InstaPot Pasta Fagioli
Ingredients
- 1 15.5 ounce can white great northern beans, drained
- 1 15.5 ounce can light red kidney beans, drained
- 2 pounds ground Italian sausage (or ground beef)
- 1 tablespoon olive oil
- 1/2 onion, diced
- 3 teaspoons minced garlic
- 4 cups chicken broth
- 2 cups beef broth
- 1 15-ounce can tomato sauce
- 1 15-ounce can diced tomatoes (not drained)
- 2 celery ribs, chopped
- 1/2 cup carrots, chopped
- 1 cup ditalini pasta
- 1 teaspoon salt
- 1 1/2 teaspoons dried Italian blend seasoning
- 1/2 teaspoon crushed red pepper flakes
Directions
- Preheat your instant pot using the “sauté” setting, then add oil, Italian sausage (or ground beef) and onions and sauté for 3-5 minutes until meat is cooks through. Add garlic and cook 1-2 minutes longer.
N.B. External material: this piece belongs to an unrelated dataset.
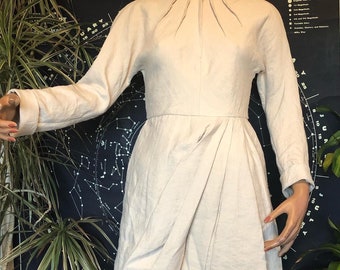 BCBG Runway Dress, Neutral Beige Seidenmischung, Größe 44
- Add chicken broth, beef broth, tomato sauce, diced tomatoes, celery, carrots, salt, pepper, crushed red pepper flakes, beans and Italian seasoning and stir to combine.
- Lock the lid in place and set the pressure release to “sealing”. Cook on high pressure for 20 minutes. Allow the pot to sit for 5 minutes and then turn the release valve for a “quick release.”
- Add pasta, reseal pot, and cook on high pressure for one minute with a quick release.